Das weiß auch Kapitän Zinchenko: "Jeden von uns berührt das. Wir brauchen keine Extra-Motivation", so der 27-Jährige: "Da sind unsere Fans. Und da sind unsere Soldaten, die für unsere Freiheit ihr Leben riskieren. Dafür, dass wir Fußball spielen dürfen. Jedes Mal, wenn wir das Trikot mit dem Ukraine-Emblem anziehen ist das für uns eine doppelte, wenn nicht gar dreifache Motivation."

Motivation und Pathos

Und auch Rebrov hat viel Pathos in der Stimme, wenn er über die Bedeutung der EM für sein Team und sein Land spricht: "Jeder in meinem Team hat verstanden, was wir in diesen Kriegszeiten für eine Verantwortung für unser Land haben. Wenn ich meine Spieler anschaue, kann ich das in jedem Gesicht sehen. Wir sind sehr dankbar."

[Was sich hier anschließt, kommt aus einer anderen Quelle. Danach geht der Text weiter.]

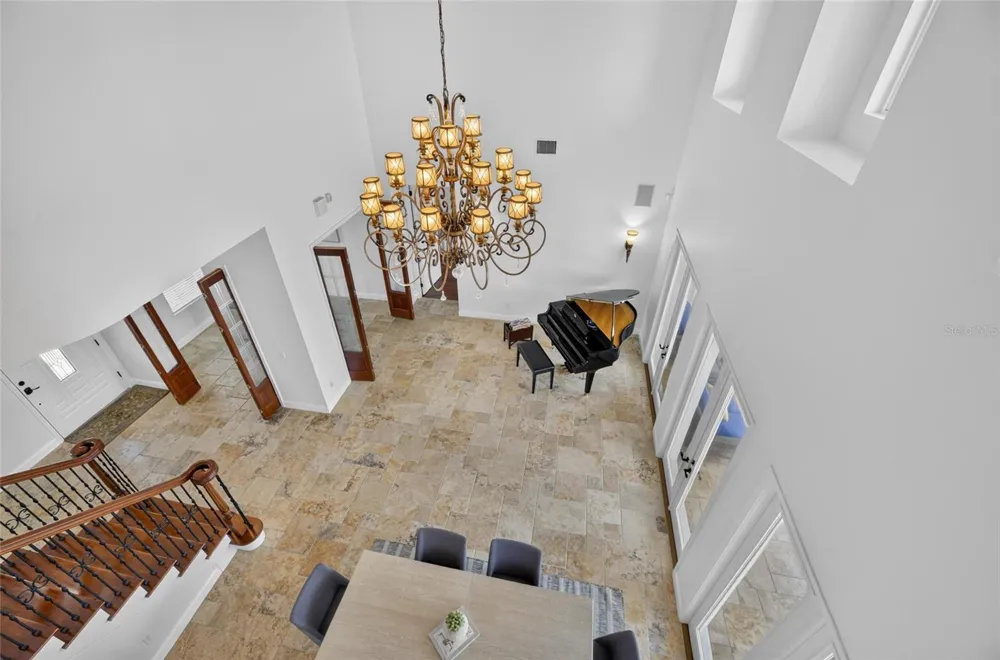 715 ISLEBAY DRIVE Apollo Beach, FL 33572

Rebrov als Spieler bis ins WM-Viertelfinale

Jetzt hofft Rebrov mit seinem Team auf einen EM-Auftaktsieg gegen Rumänien. Es wäre der erste Sieg für Rebrov als Trainer bei einem großen Turnier. Als Spieler schaffte er es mit der Ukraine bei der WM 2006 sensationell bis ins Viertelfinale, schoss im Turnier sogar selbst ein Tor. Als Trainer versucht er es nun bei der EM 2024 mit Defensivtaktik. Das Achtelfinale wäre schon ein großer Erfolg.